• _WHAT THE TASK ASKS_:
Down to the last line of the listing, starting at the one with "Words ending in X: For", retype each line exactly. Do not copy the pictures.
═════ INPUT DATA ═════
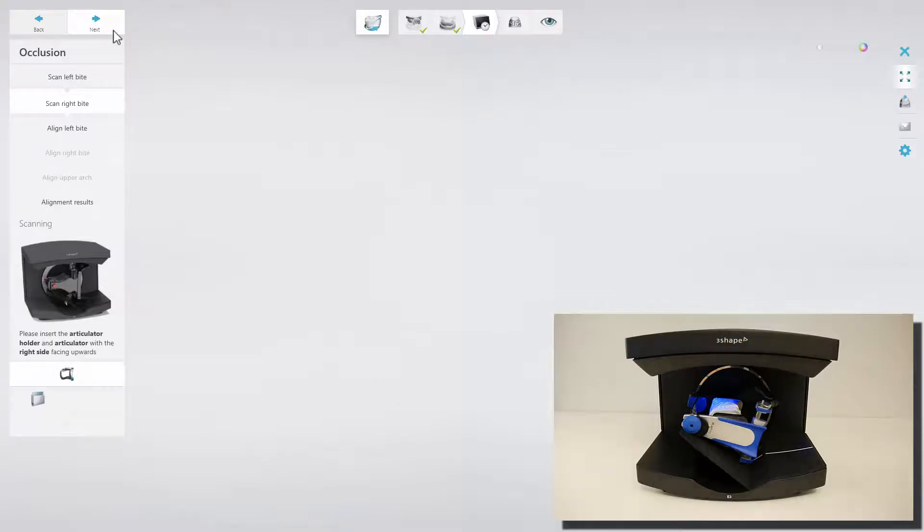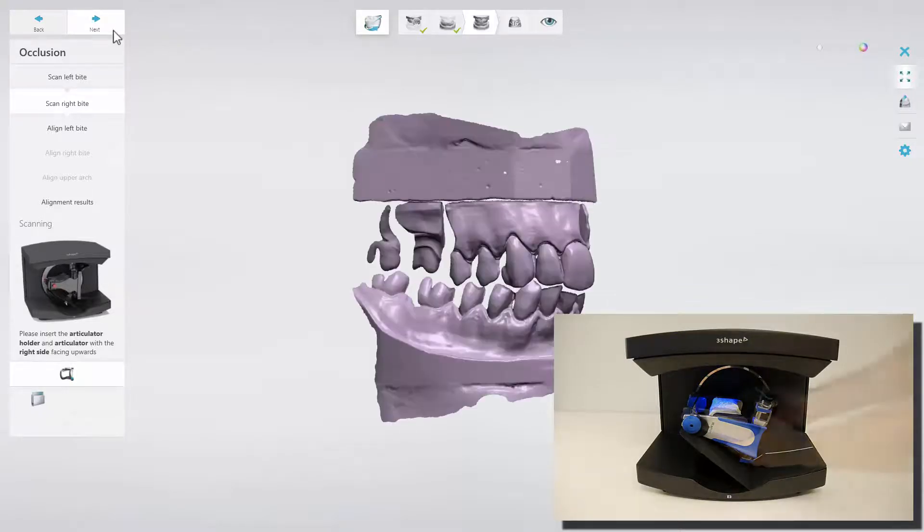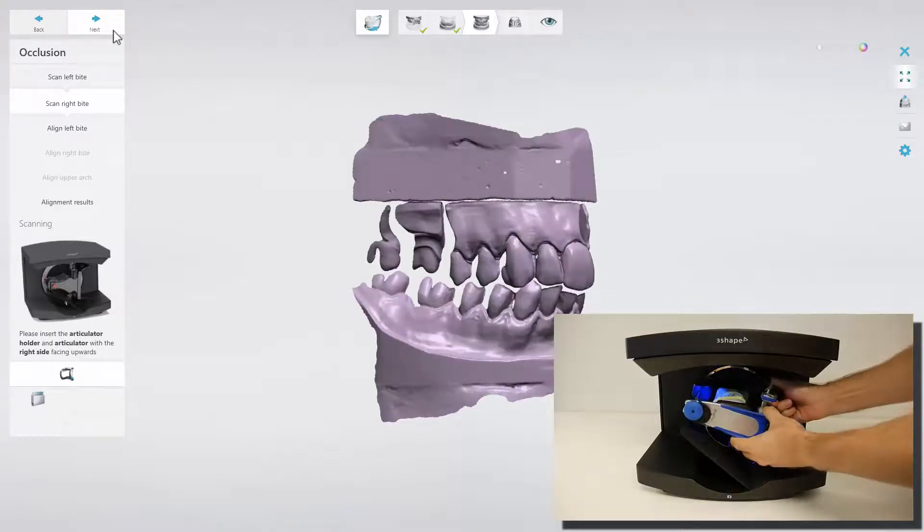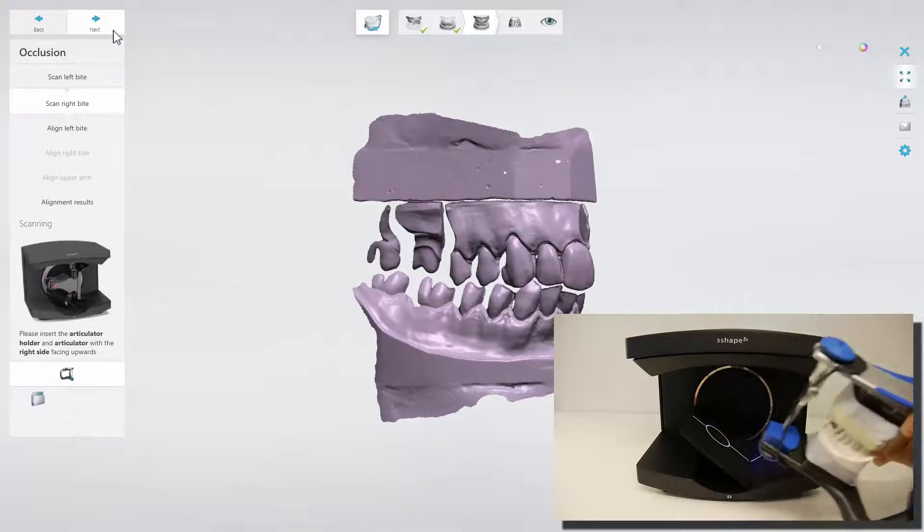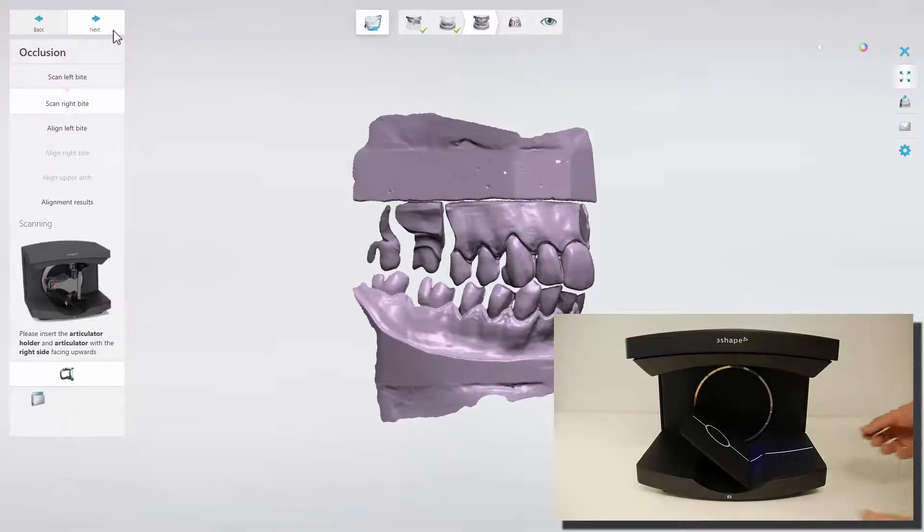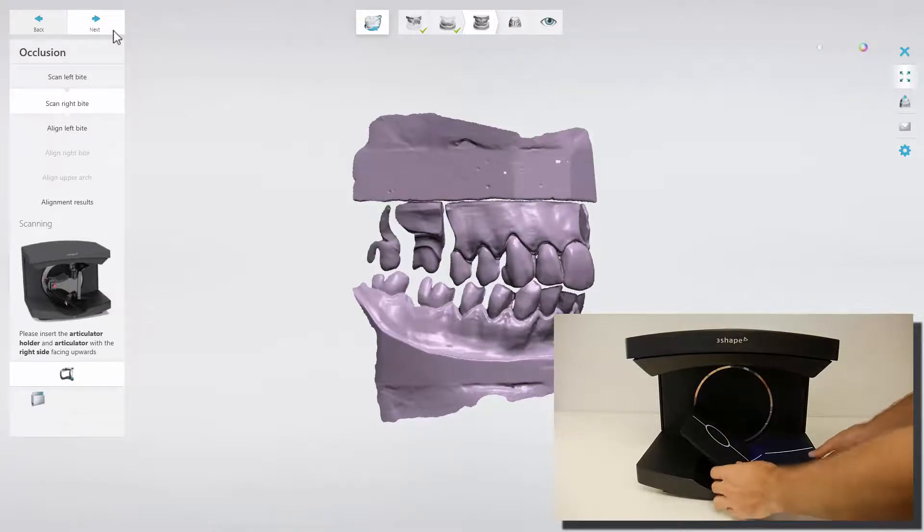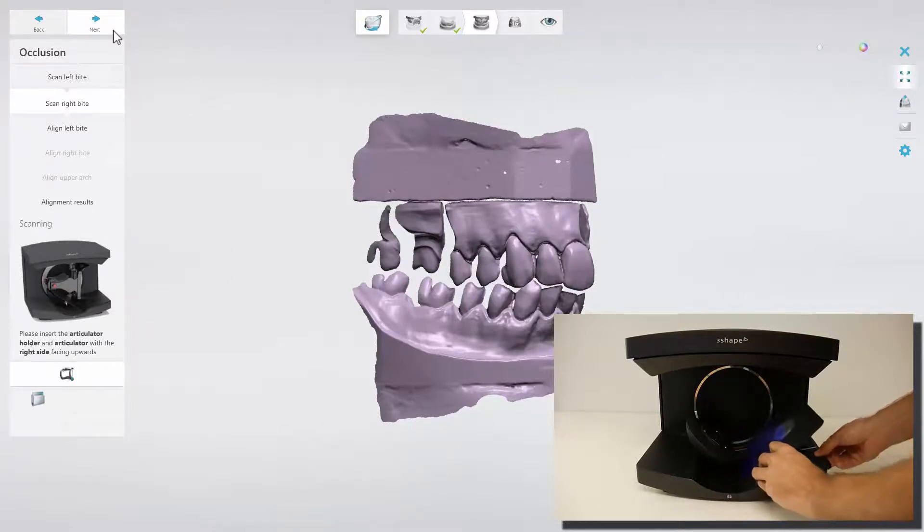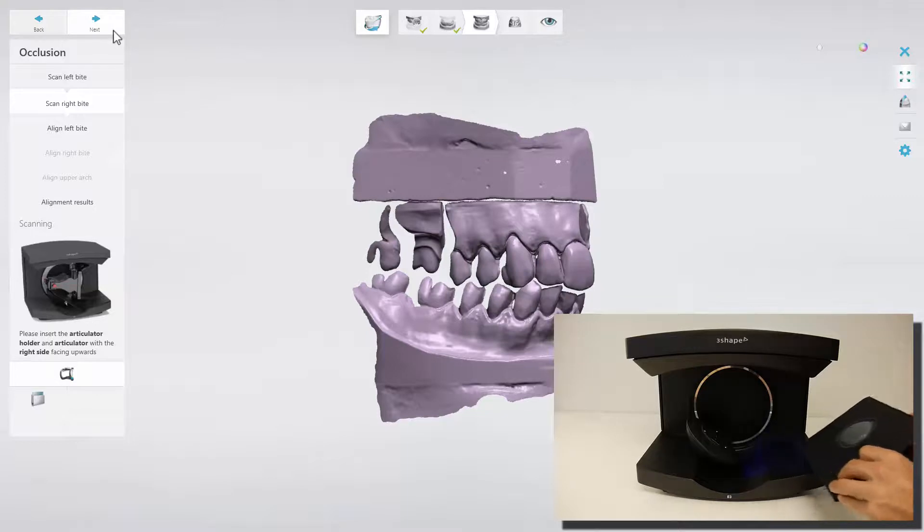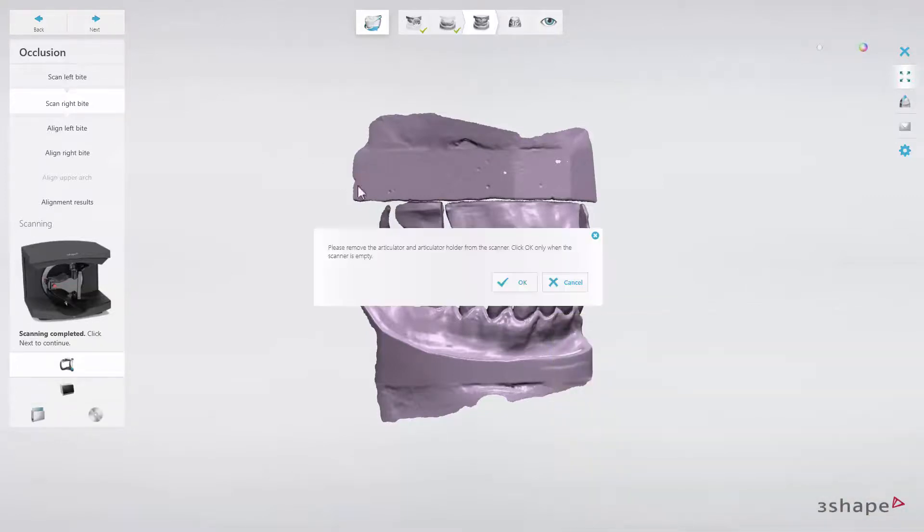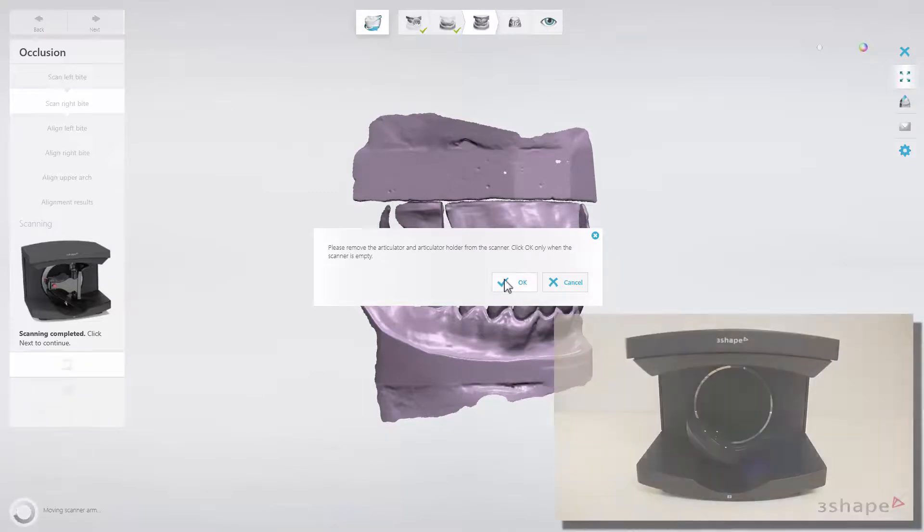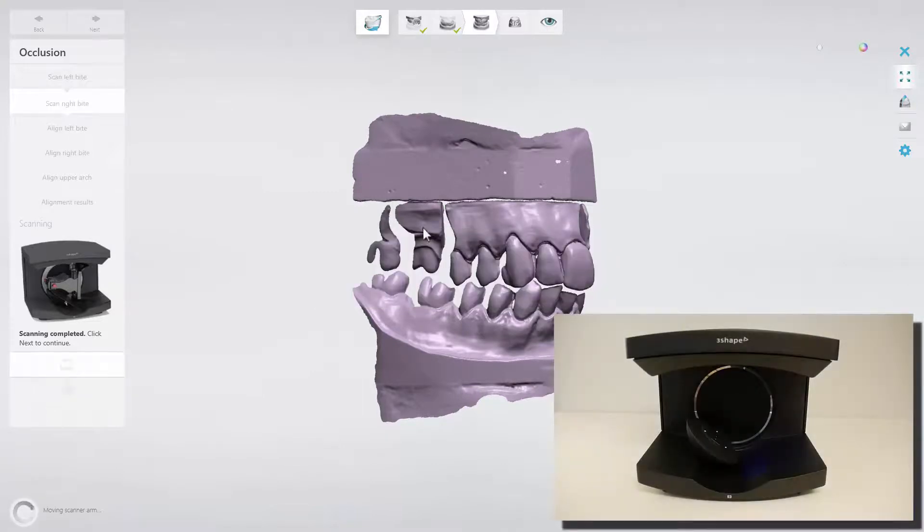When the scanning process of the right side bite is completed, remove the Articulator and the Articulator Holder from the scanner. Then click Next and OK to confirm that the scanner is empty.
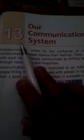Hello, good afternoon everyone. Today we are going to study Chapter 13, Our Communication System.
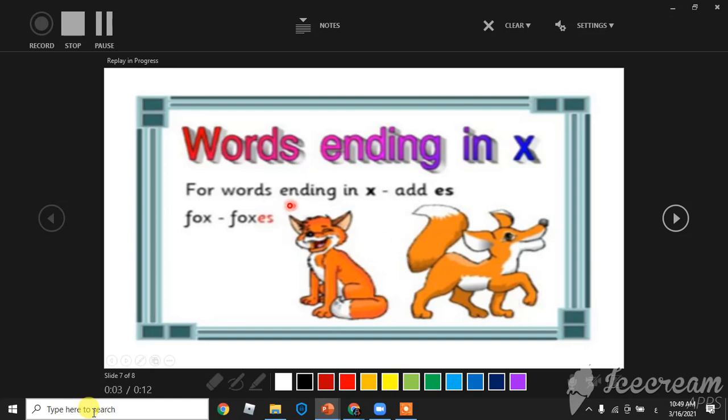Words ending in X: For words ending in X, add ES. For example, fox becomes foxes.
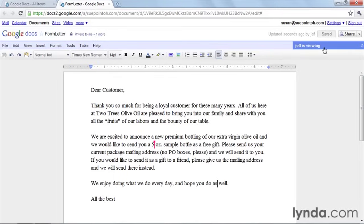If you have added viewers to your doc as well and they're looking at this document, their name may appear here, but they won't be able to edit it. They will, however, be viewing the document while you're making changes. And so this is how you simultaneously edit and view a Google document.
═════
• _SOLUTION_:
Words ending in X: For words ending in X, add ES. For example, fox becomes foxes.
If you have added viewers to your doc as well and they're looking at this document, their name may appear here, but they won't be able to edit it. They will, however, be viewing the document while you're making changes. And so this is how you simultaneously edit and view a Google document.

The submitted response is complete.